*Assignment:* An exact copy of the entries below is the expected answer.

Data items:
-- -- --

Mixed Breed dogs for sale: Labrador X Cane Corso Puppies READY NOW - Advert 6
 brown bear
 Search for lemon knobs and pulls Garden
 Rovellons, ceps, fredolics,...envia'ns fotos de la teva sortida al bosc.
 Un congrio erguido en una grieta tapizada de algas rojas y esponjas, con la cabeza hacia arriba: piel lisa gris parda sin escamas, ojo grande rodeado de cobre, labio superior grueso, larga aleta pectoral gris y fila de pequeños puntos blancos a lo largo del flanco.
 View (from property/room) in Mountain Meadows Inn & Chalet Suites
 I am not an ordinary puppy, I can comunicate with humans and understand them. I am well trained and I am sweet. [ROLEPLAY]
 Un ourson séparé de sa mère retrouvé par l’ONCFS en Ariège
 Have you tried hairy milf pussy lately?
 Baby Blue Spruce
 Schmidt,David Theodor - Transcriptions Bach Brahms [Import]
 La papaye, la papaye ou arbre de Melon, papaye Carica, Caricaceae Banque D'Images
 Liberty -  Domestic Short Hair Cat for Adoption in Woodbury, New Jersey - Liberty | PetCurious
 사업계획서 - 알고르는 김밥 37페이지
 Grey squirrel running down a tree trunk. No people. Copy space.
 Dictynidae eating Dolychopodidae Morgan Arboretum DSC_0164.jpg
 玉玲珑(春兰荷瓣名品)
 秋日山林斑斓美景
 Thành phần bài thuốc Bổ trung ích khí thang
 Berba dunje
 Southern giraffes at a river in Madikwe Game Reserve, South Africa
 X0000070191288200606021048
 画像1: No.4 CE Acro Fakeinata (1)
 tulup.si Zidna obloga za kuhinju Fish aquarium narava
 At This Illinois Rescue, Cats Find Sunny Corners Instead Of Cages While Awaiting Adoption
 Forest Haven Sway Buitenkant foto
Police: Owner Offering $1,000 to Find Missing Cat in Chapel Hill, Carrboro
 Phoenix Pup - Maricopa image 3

-- -- --

*Solution for this task:*
Mixed Breed dogs for sale: Labrador X Cane Corso Puppies READY NOW - Advert 6
 brown bear
 Search for lemon knobs and pulls Garden
 Rovellons, ceps, fredolics,...envia'ns fotos de la teva sortida al bosc.
 Un congrio erguido en una grieta tapizada de algas rojas y esponjas, con la cabeza hacia arriba: piel lisa gris parda sin escamas, ojo grande rodeado de cobre, labio superior grueso, larga aleta pectoral gris y fila de pequeños puntos blancos a lo largo del flanco.
 View (from property/room) in Mountain Meadows Inn & Chalet Suites
 I am not an ordinary puppy, I can comunicate with humans and understand them. I am well trained and I am sweet. [ROLEPLAY]
 Un ourson séparé de sa mère retrouvé par l’ONCFS en Ariège
 Have you tried hairy milf pussy lately?
 Baby Blue Spruce
 Schmidt,David Theodor - Transcriptions Bach Brahms [Import]
 La papaye, la papaye ou arbre de Melon, papaye Carica, Caricaceae Banque D'Images
 Liberty -  Domestic Short Hair Cat for Adoption in Woodbury, New Jersey - Liberty | PetCurious
 사업계획서 - 알고르는 김밥 37페이지
 Grey squirrel running down a tree trunk. No people. Copy space.
 Dictynidae eating Dolychopodidae Morgan Arboretum DSC_0164.jpg
 玉玲珑(春兰荷瓣名品)
 秋日山林斑斓美景
 Thành phần bài thuốc Bổ trung ích khí thang
 Berba dunje
 Southern giraffes at a river in Madikwe Game Reserve, South Africa
 X0000070191288200606021048
 画像1: No.4 CE Acro Fakeinata (1)
 tulup.si Zidna obloga za kuhinju Fish aquarium narava
 At This Illinois Rescue, Cats Find Sunny Corners Instead Of Cages While Awaiting Adoption
 Forest Haven Sway Buitenkant foto
Police: Owner Offering $1,000 to Find Missing Cat in Chapel Hill, Carrboro
 Phoenix Pup - Maricopa image 3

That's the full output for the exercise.